Problem to work on: Beneath this task are records; print exactly the stretch of them from the line with "What we need" through the line with "The Battle of", both ends included.

Information supplied:
====
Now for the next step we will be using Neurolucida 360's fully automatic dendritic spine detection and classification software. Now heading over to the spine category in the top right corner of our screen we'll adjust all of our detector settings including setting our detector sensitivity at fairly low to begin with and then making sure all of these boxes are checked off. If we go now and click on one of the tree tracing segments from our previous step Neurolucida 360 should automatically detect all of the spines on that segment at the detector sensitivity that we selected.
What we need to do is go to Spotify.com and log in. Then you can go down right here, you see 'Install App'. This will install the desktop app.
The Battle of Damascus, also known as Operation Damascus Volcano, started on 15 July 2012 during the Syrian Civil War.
====
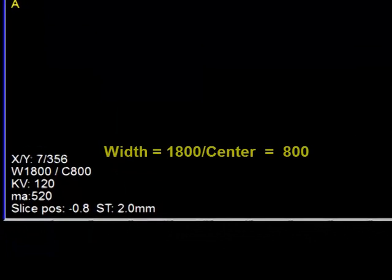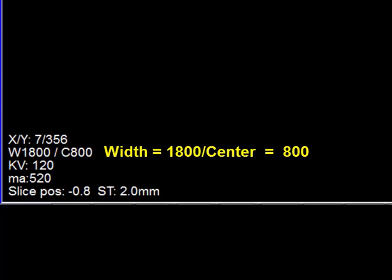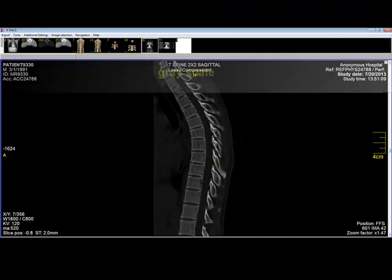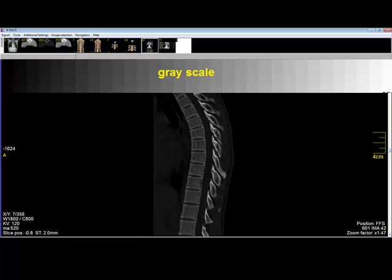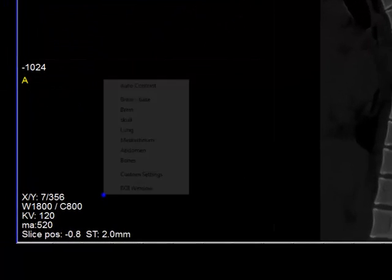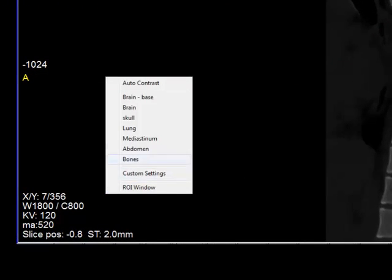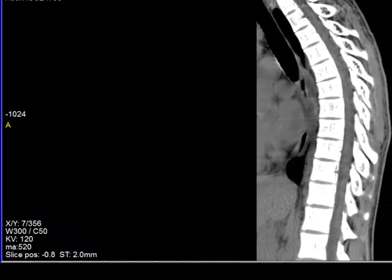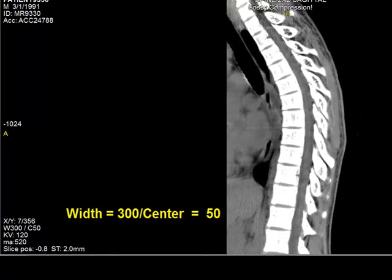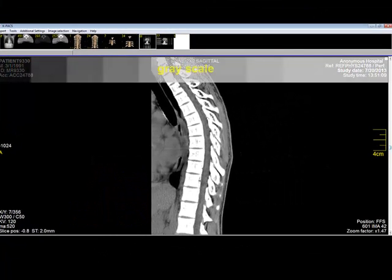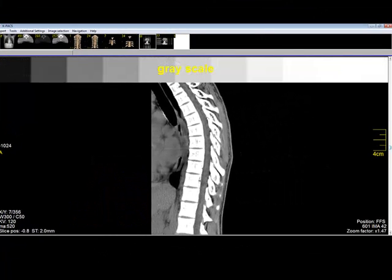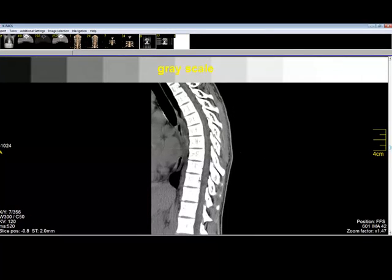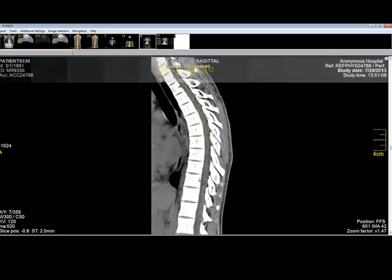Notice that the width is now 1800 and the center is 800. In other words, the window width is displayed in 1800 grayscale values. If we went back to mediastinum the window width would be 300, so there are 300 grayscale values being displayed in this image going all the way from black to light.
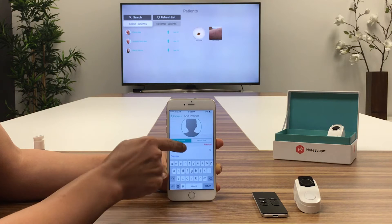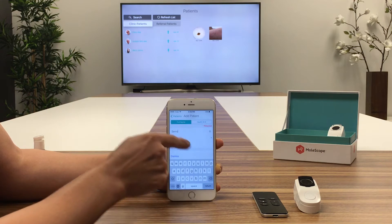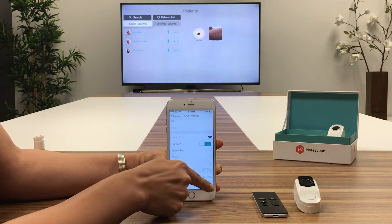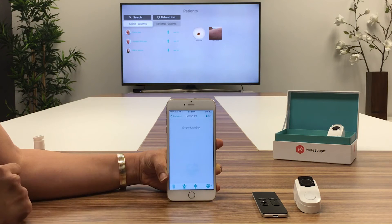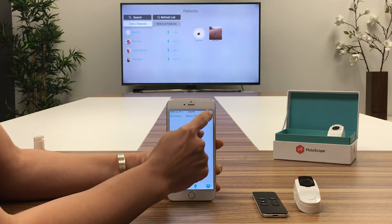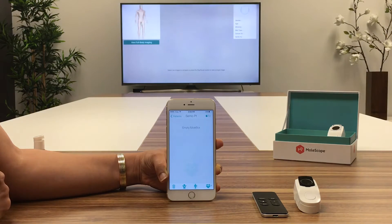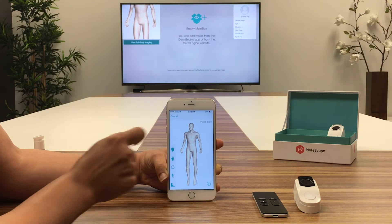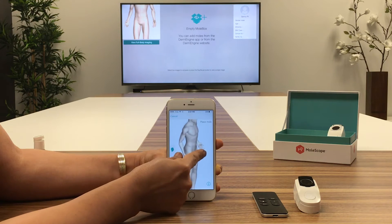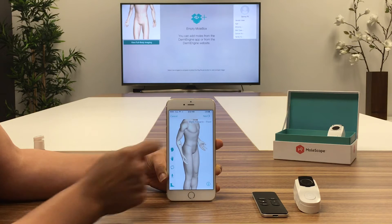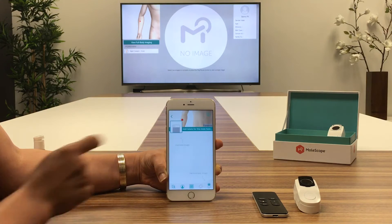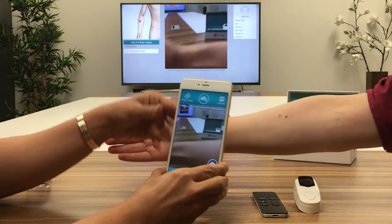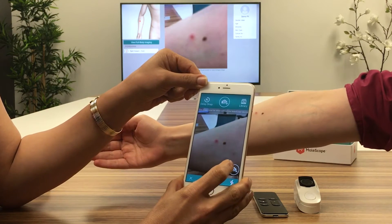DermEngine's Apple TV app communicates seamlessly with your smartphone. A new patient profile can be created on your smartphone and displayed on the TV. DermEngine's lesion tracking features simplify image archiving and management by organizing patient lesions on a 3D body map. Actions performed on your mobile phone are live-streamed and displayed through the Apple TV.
====
Written response:
What we need to do is go to Spotify.com and log in. Then you can go down right here, you see 'Install App'. This will install the desktop app.
The Battle of Damascus, also known as Operation Damascus Volcano, started on 15 July 2012 during the Syrian Civil War.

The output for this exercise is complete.